Listed entries -
Content starts

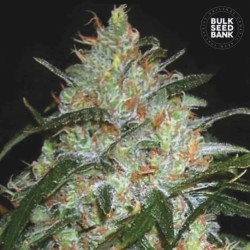 GRAPEFRUIT · Bulk Seed Bank · semi di canapa · Fem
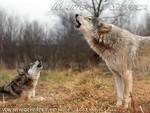 Two Wolves Howling Together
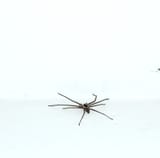 Brown long legs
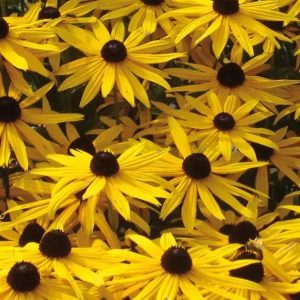 Rudbeckia Goldsturm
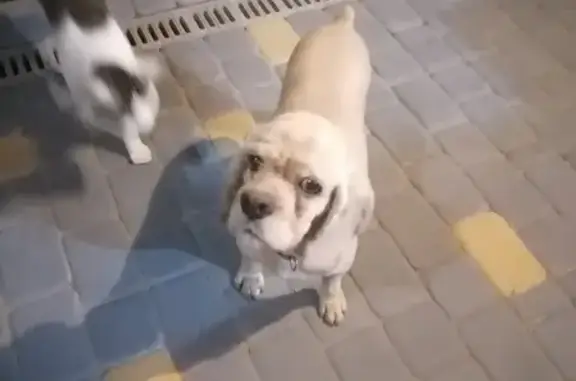 Пропала собака на ул. С.В.Мацоты, 49 в Новочеркасске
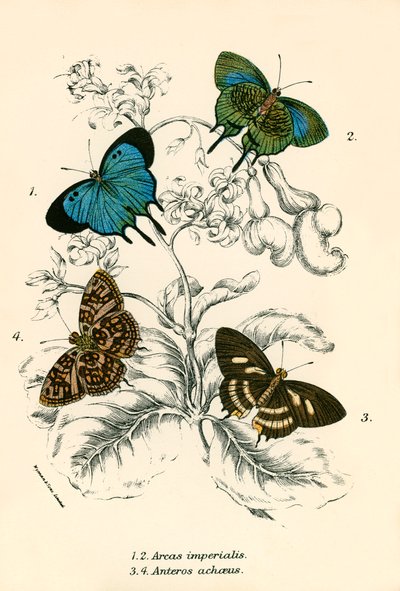 Papillons - English School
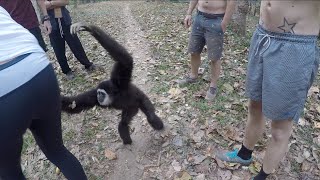 Gibbon Stealing Our Bananas Susa Waterfall Mae Hong Son Thailand [upl. by Waldman]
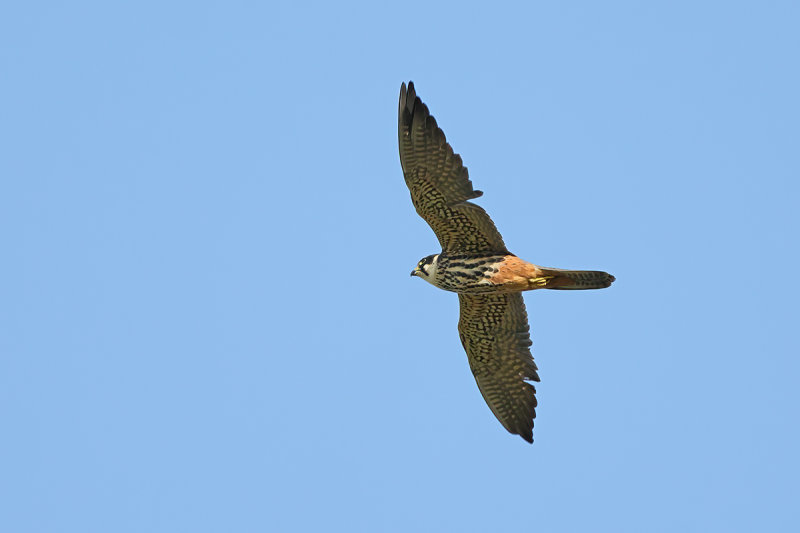 Hobby (Falco subbuteo)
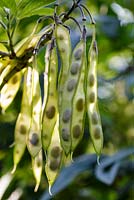 Piptanthus nepalensis - Evergreen Laburnum seedpods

Content ends

Problem to solve - Your output should be exactly the lines of the records above from the one with "Papillons - English School" through the last, both ends included, with pictures excluded.

Output below -
 Papillons - English School
 Gibbon Stealing Our Bananas Susa Waterfall Mae Hong Son Thailand [upl. by Waldman]
 Hobby (Falco subbuteo)
 Piptanthus nepalensis - Evergreen Laburnum seedpods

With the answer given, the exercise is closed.